Como se tornar um escritor

Como se tornar um escritor  

Jornal do BrasilWander Lourenço*  
Observe que para se tornar escritor é preciso antes se constituir um leitor digno de compreender a concepção de uma obra de ficção em toda a sua estrutura através das diretrizes do ato de narrar, conforme explicitou Benjamin. Com a perspicácia de quem passeia por sobre um pântano de areia movediça, com vozes subterrâneas ou abismos, ignotas cavernas e sofisticadas armadilhas, o escritor em formação precisará percorrer o espaço da narrativa com o cuidado de uma presa difícil e arredia, habituada ao perigo do percurso repleto de apólogos, parábolas, símbolos, sons, fábulas, signos, cores, alegorias e mitos. Daí a importância da leitura que, por mais que sirva para iniciar o futuro literato como espectador do árduo ofício literário, sobretudo o impelirá a uma formação intelectual que será utilizada como parâmetro ou lição para a posterior escrita de um livro, que seja digno de ser lido por um ser seu semelhante ou um elemento extraterrestre provindo de um hemisfério ou galáxia equidistante a se locomover ao redor do planeta Terra.

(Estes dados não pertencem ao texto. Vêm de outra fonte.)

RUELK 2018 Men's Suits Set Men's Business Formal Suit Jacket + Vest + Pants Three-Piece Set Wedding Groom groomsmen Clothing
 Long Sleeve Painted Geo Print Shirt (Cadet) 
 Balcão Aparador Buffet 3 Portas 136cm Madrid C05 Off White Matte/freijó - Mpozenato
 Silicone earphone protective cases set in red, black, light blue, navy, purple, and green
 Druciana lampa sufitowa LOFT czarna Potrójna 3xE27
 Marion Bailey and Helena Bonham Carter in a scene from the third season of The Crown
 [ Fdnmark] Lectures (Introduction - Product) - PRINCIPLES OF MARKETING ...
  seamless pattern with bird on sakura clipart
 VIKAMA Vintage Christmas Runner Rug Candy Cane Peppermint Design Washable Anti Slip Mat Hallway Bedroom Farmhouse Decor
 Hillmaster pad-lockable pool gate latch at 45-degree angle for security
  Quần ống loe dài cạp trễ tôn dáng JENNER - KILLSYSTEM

Para se tornar escritor é necessário ter a coragem de desafiar a cronologia vaga e imaginária da fabulação, para correr riscos sem aversão ou medo de se aventurar a uma escritura que lide com a divinamente humana invenção propositada por um verbo bíblico do Gênesis, conforme sobrescrito por Moisés. Para se tornar escritor é preciso adestrar a imaginação, qual um cavalo alado dos contos de fada e infância, a deslizar por sobre fórmulas de elaboração de gêneros e métodos práticos de confabulação ficcional, a fim de se propor um diálogo ou ruptura significativa aos padrões da tradição fincada pela frágil pena de um escriba consagrado pela memória do tempo, a que chamamos de posteridade.
Para se tornar escritor é necessário afinar talento e estilo na Harpa de um habilidoso artesão conhecido por Homero a lavorar, humanamente, com o seu mágico instrumento os manuscritos eternizados pelas reminiscências de Cronos, pois que da mesma argila de que se fez o Adão o autor se prestará a ser um Deus de mentira a moldar personagens à imagem e semelhança de criaturas fictícias. Para se tornar escritor é preciso navegar por mares nunca dantes navegados por nós ou Camões, sem manual de cabotagem, mapa de tesouro ou bússola, de maneira que a precisão da existência se submeta ao lúdico da travessia a inspirar a quimera da alquimia de se transformar ideia em histórias, para concertar a ópera dos homens concebida por Dionísio ou Apolo, conforme o fizera Orfeu.
Caberia, enfim, dizer ao protótipo de escritor que a literatura é uma dama exigente e promíscua que, embora se incline a tantos outros amantes que com ela se deitam em palácios ou alcovas, sem pudor cobrará atenção e exclusividade daquele que se arvora a desafiar a Providência por intermédio de um faz de conta de luz a se moldar pela vara de condão que, decerto, esboça a Floresta povoada por ruídos e sombras, a que chamamos criação.